The initial charges state that beginning in February 2014 and continuing until about July 2017, Gossage “intentionally misapplied, embezzled, stole and obtained by fraud and otherwise without authority knowingly converted to her own use and the use of others, property valued at more than $5,000, that was owned by, and under the care, custody and control of such an agency of state and local government, that is, [Gossage] embezzled, converted and misapplied monies and funds by using the Poplar School District credit cards for personal use.”

The court’s offer of proof states that Gossage worked at the Poplar School District as the IT Director and earned approximately $70,000 per year. In July 2017, the school informed her that she needed to attend drug rehab or she would lose her job. A month later, the business manager for the district discovered Gossage fraudulently used the district credit card for personal benefit from February 2014 to July 2017.

The business manager found fraudulent invoices for items that had no apparent school use, including orders from Amazon which never made it to the school. Gossage instead had packages sent directly to her or other individuals. One eyewitness stated that Gossage had started using the district credit card by accident before realizing it but justifying the purchases by stating she deserved it because she worked so hard.”

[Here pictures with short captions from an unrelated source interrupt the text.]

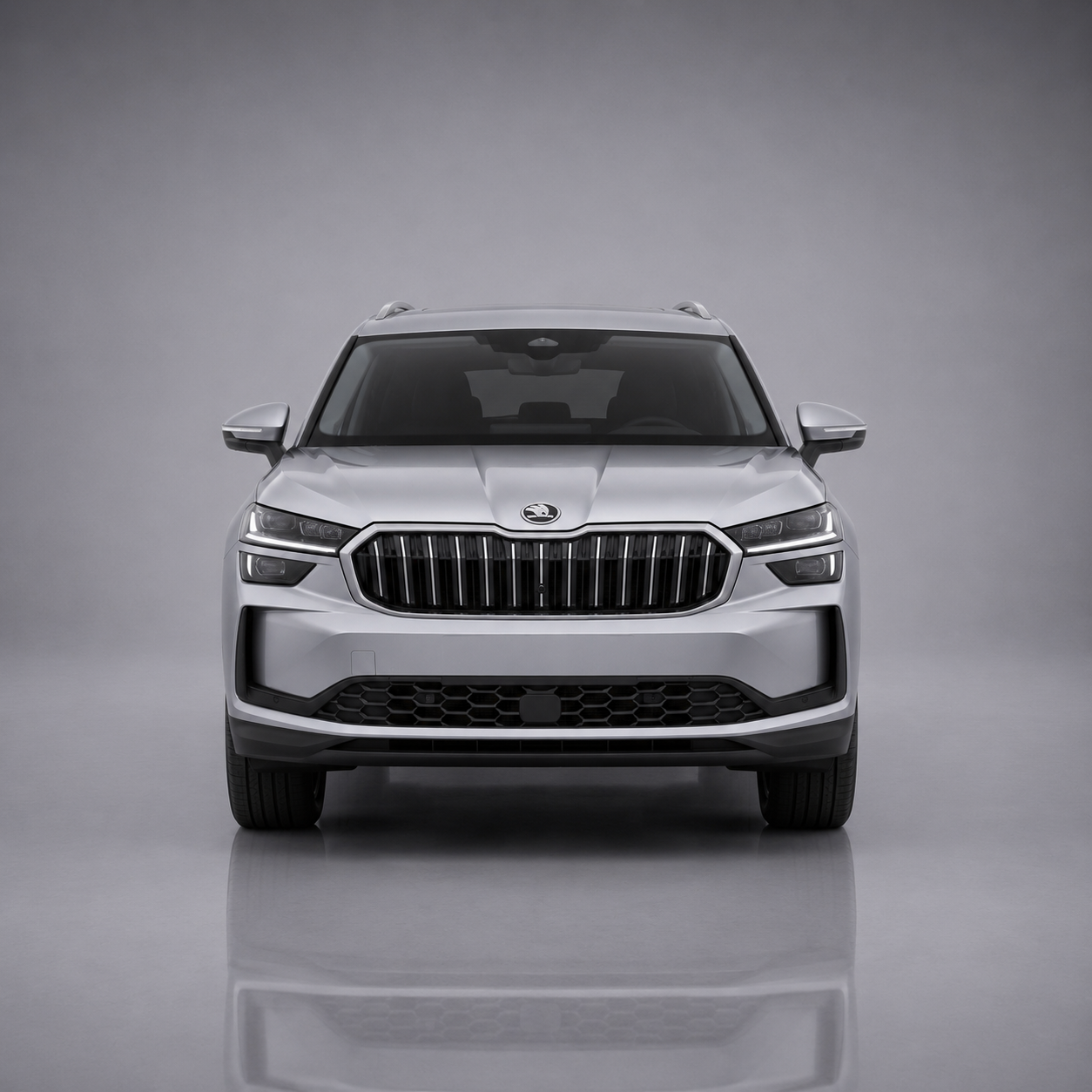 Kodiaq Front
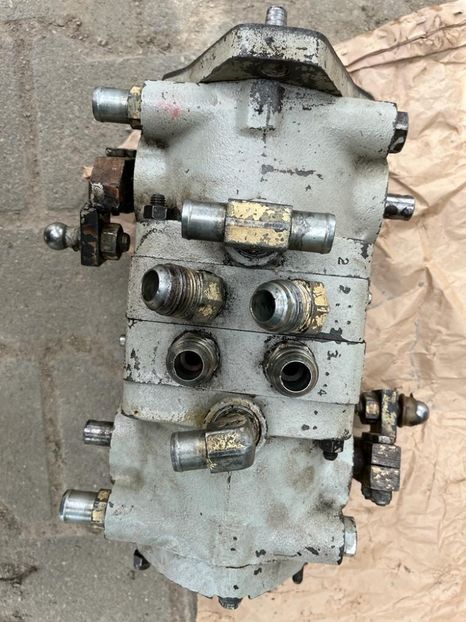 Pompa hidraulica BOBCAT - Rexroth komatsu Kawasaki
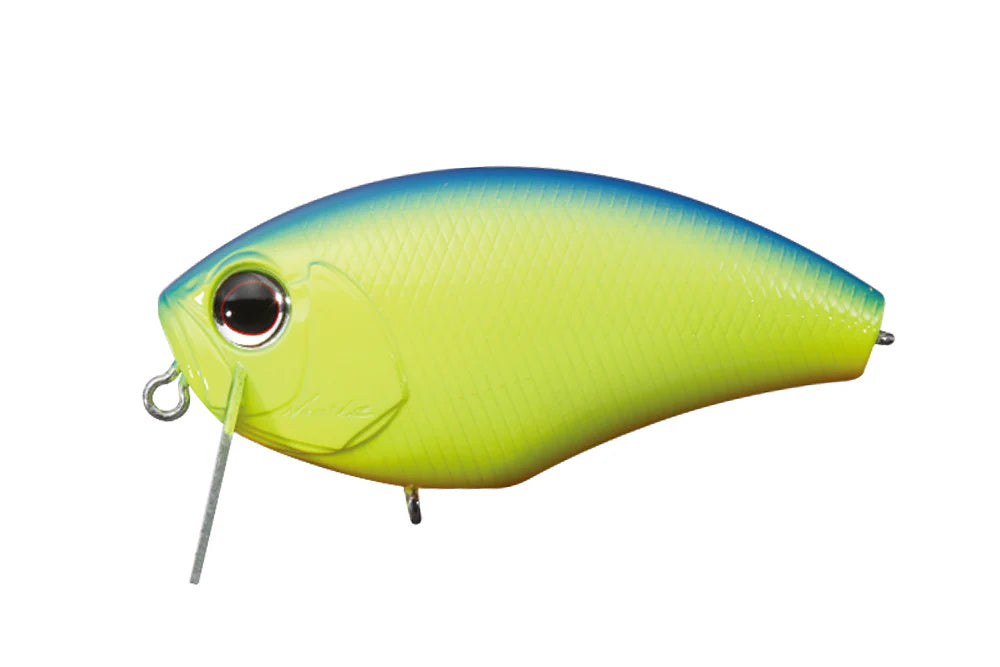 Daibuzzin Chartreuse Blue Back product image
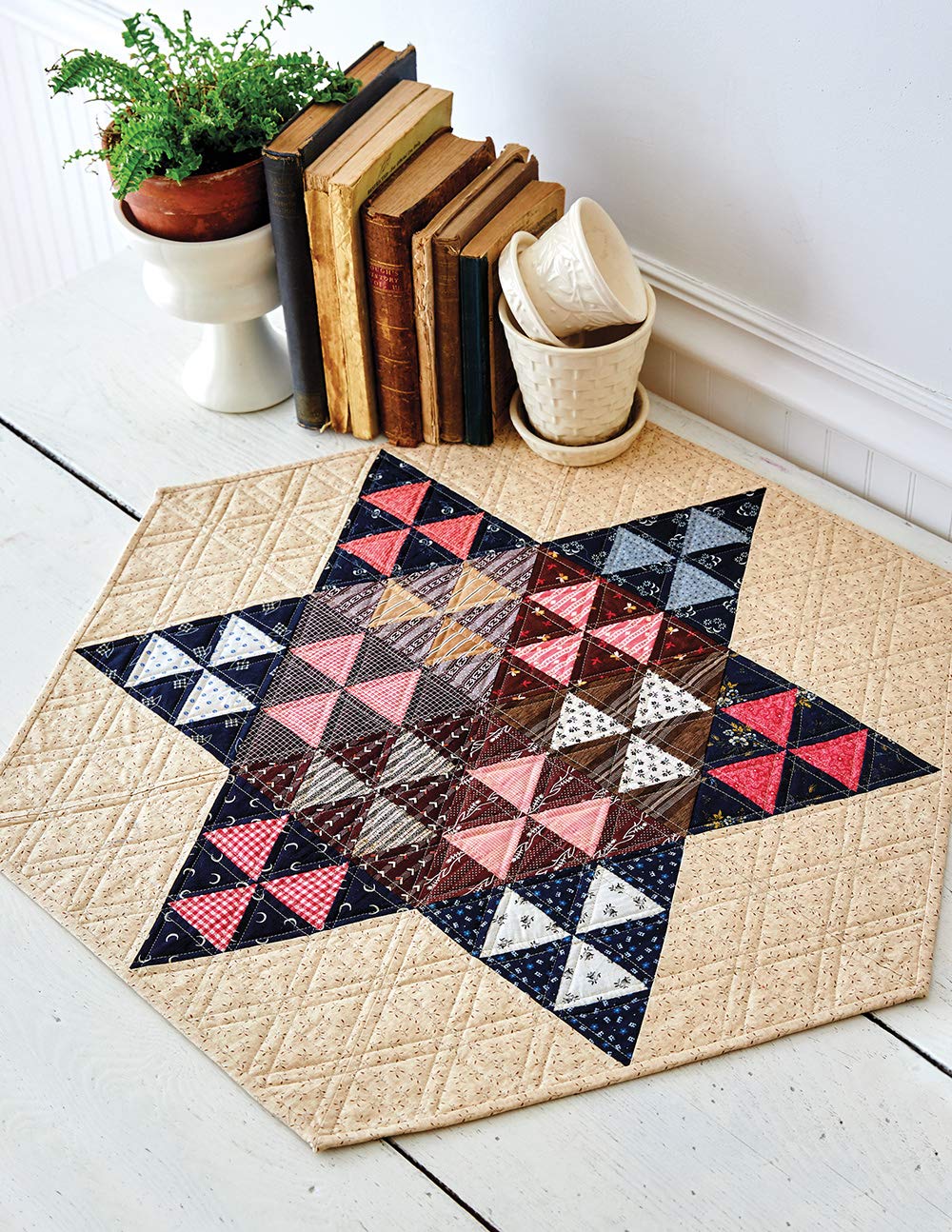 That Patchwork Place Treasure Hunt Book used book depot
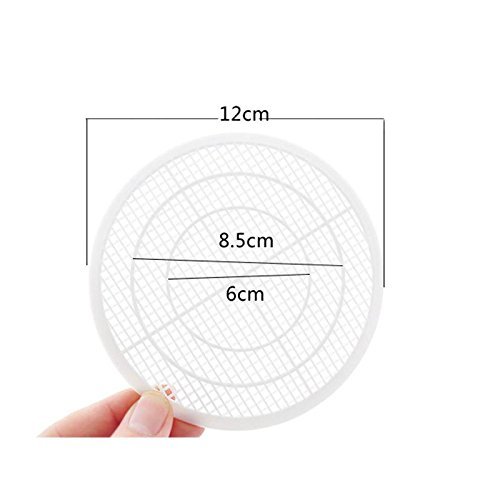 LCsndice sink nets strainer stopper for kitchen bath 1pcs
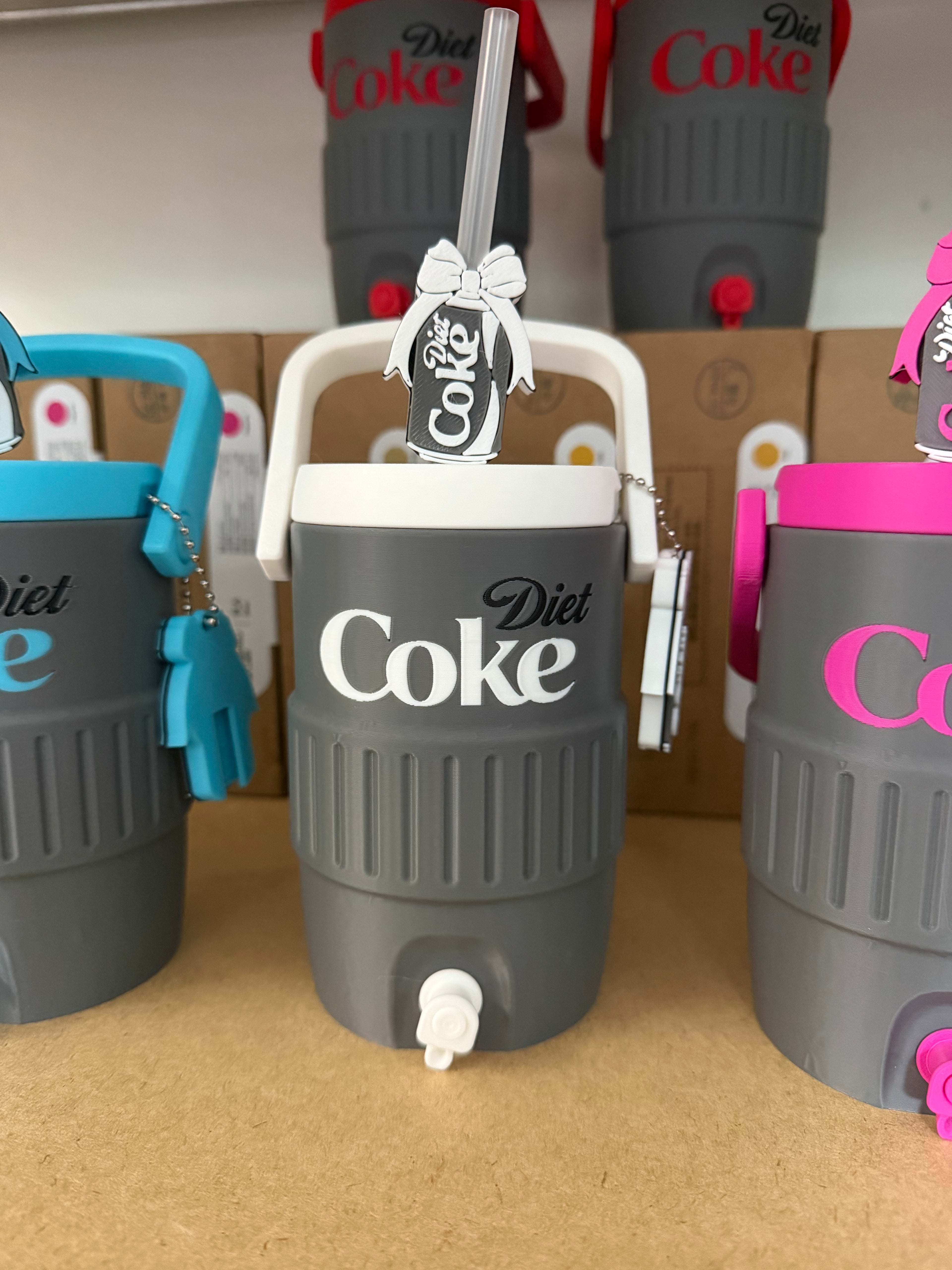 Diet Coke Can Holder Bundle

The total embezzled by Gossage was approximately $89,043.81. She was released into the custody of the United States Marshals Service.

The felony charge of wire fraud carries with it a maximum penalty of 20 years imprisonment, $250,000 in fines and three years supervised release.

Not included in the guilty plea was the charge of “theft from a state and local government receiving federal funding.” This was the lesser of the two felonies Gossage had been charged with and was dropped as part of a plea agreement.